Assignment:
What you give back must match the data exactly, minus the pictures.

Pictures with short captions
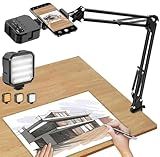 Overhead Phone Mount, Articulating Arm Cell Phone Holder with LED Light, Flexible Phone Stand for Live Streaming, Video Recording, Painting Lighting, Cooking
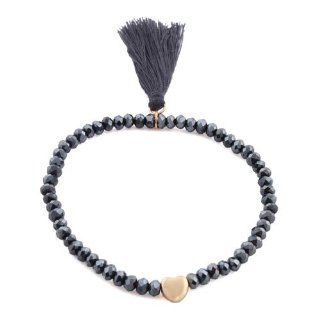 4 Pieces of Ladies Navy with Gold Heart Charm with Tassel and Eliptical Glass Beaded Stretch Bracelet: Jewelry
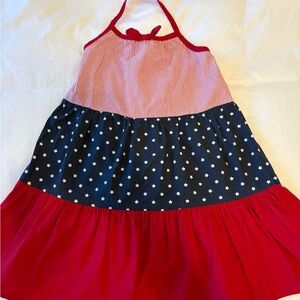 Gymboree Girls Fourth of July Red and Blue Star Patterned Dress size 10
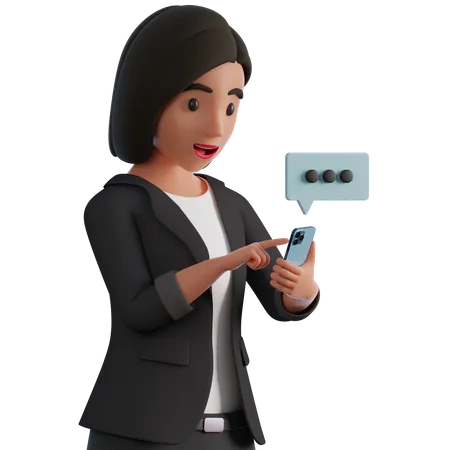 3 D Character Businesswoman In A Shirt Writing The Message 3D Illustration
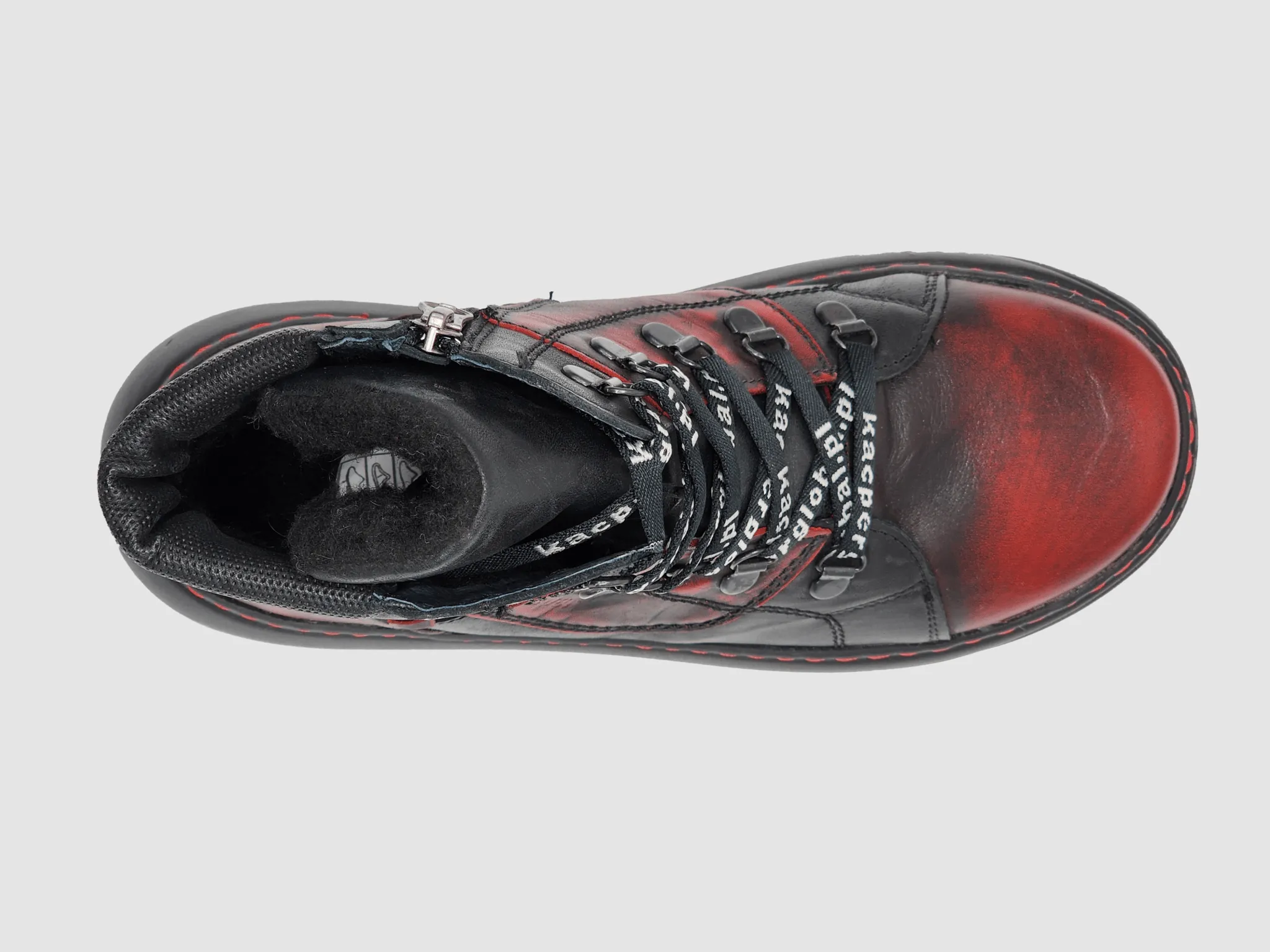 Women's Retro Thick Wool-Lined Leather Boots - Black & Red Blue Suede Boots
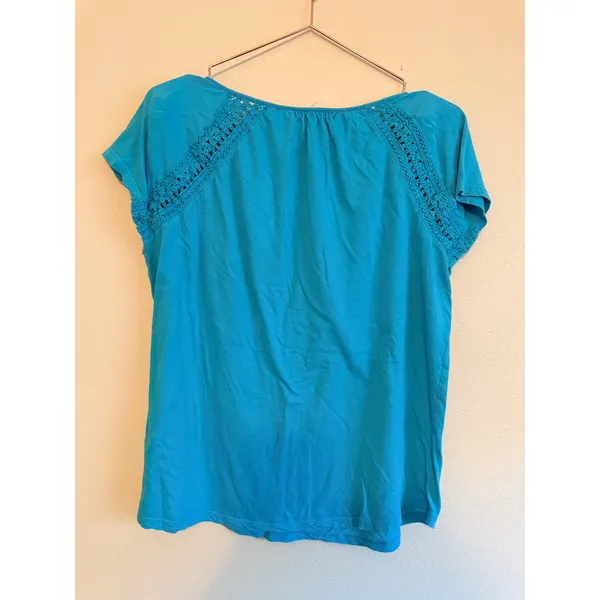 Lauren Ralph Lauren T-Shirt Women L‎ Blue Boho Crochet Lace Tassel Tie Top - Image 7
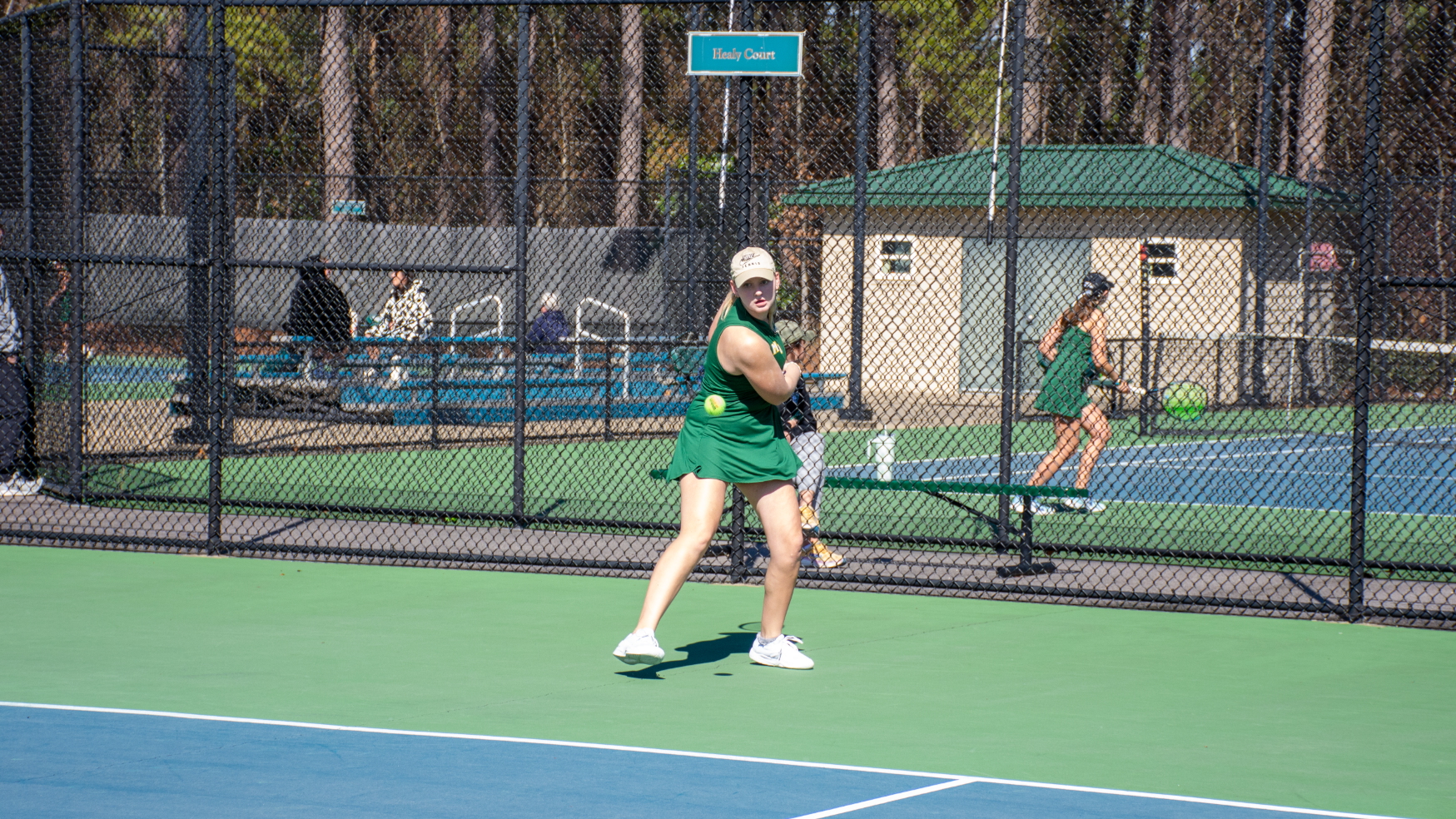 Emma Hulicki preparing to hit ball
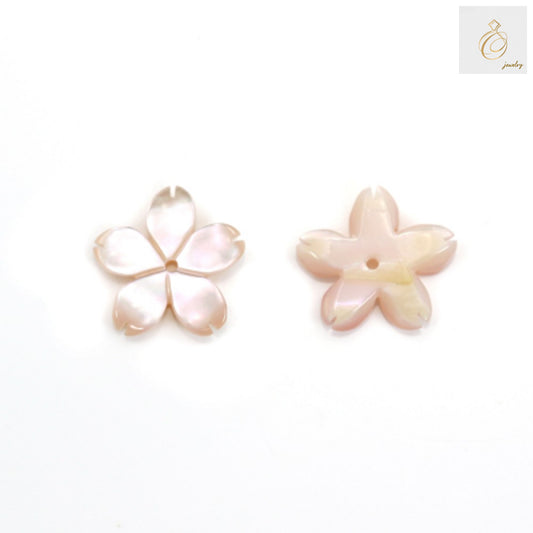 Pink mother-of-pearl flower charm 10mm - close-up detail view highlighting the natural shell texture and pink coloring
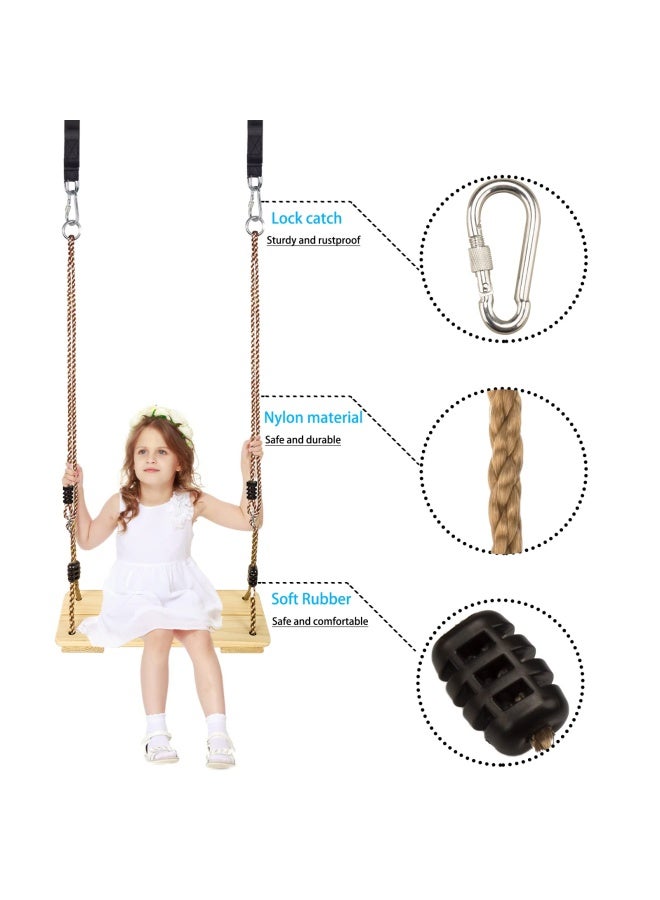 Kinspory  Wood Swing for Kid Swing Set for Backyard Adjustable Nylon Rope with Hanging Tree Hammock Straps Kit Wooden Swing Seat for Indoor Outdoor Porch Patio Garden Playgroud Swing Set Accessories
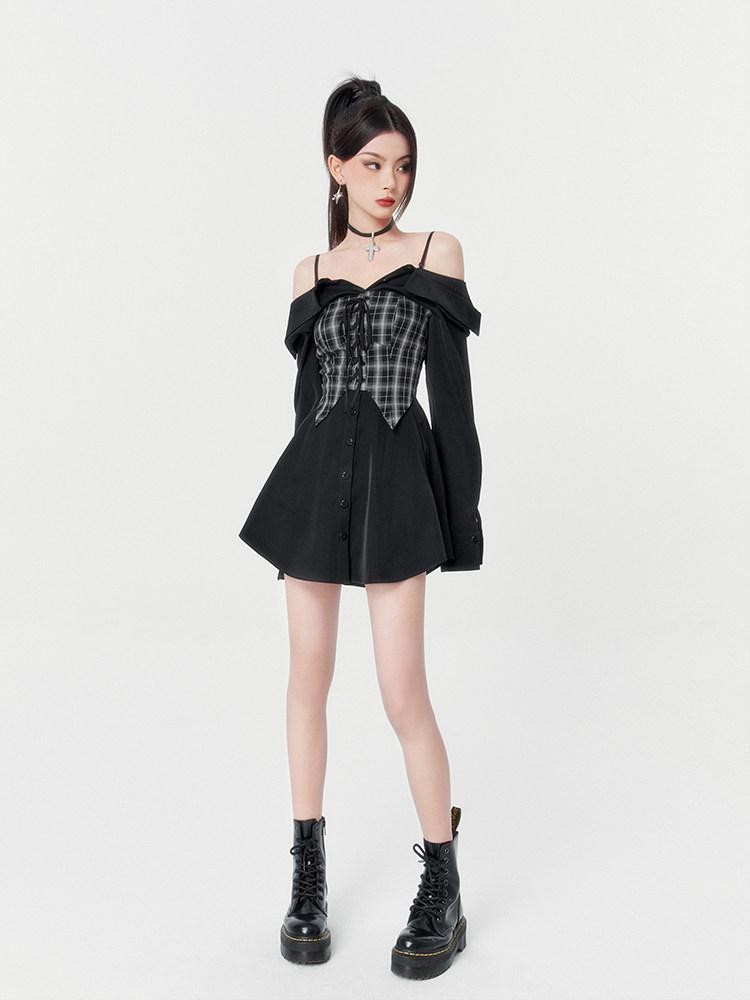 VOCK Black Plaid Faux Two Piece Waist Cinched Women's Slip Mini Dresses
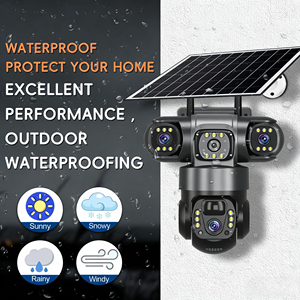 Cámara IP 4G YANX de 3 Lentes, HD 12MP 6K, CCTV para Exteriores, Impermeable, Visión Nocturna, Bidireccional, PTZ, Seguimiento Móvil, V380 PRO, Cámara Solar en la Nube - Product Image 5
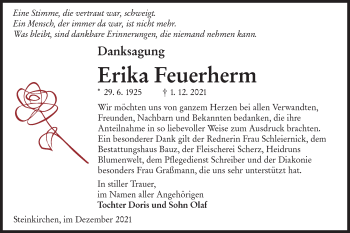 Traueranzeige von Erika Feuerherm von lausitzer_rundschau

The answer:
 Overhead Phone Mount, Articulating Arm Cell Phone Holder with LED Light, Flexible Phone Stand for Live Streaming, Video Recording, Painting Lighting, Cooking
 4 Pieces of Ladies Navy with Gold Heart Charm with Tassel and Eliptical Glass Beaded Stretch Bracelet: Jewelry
 Gymboree Girls Fourth of July Red and Blue Star Patterned Dress size 10
 3 D Character Businesswoman In A Shirt Writing The Message 3D Illustration
 Women's Retro Thick Wool-Lined Leather Boots - Black & Red Blue Suede Boots
 Lauren Ralph Lauren T-Shirt Women L‎ Blue Boho Crochet Lace Tassel Tie Top - Image 7
 Emma Hulicki preparing to hit ball
 Pink mother-of-pearl flower charm 10mm - close-up detail view highlighting the natural shell texture and pink coloring
 Kinspory  Wood Swing for Kid Swing Set for Backyard Adjustable Nylon Rope with Hanging Tree Hammock Straps Kit Wooden Swing Seat for Indoor Outdoor Porch Patio Garden Playgroud Swing Set Accessories
 VOCK Black Plaid Faux Two Piece Waist Cinched Women's Slip Mini Dresses
 Cámara IP 4G YANX de 3 Lentes, HD 12MP 6K, CCTV para Exteriores, Impermeable, Visión Nocturna, Bidireccional, PTZ, Seguimiento Móvil, V380 PRO, Cámara Solar en la Nube - Product Image 5
 Traueranzeige von Erika Feuerherm von lausitzer_rundschau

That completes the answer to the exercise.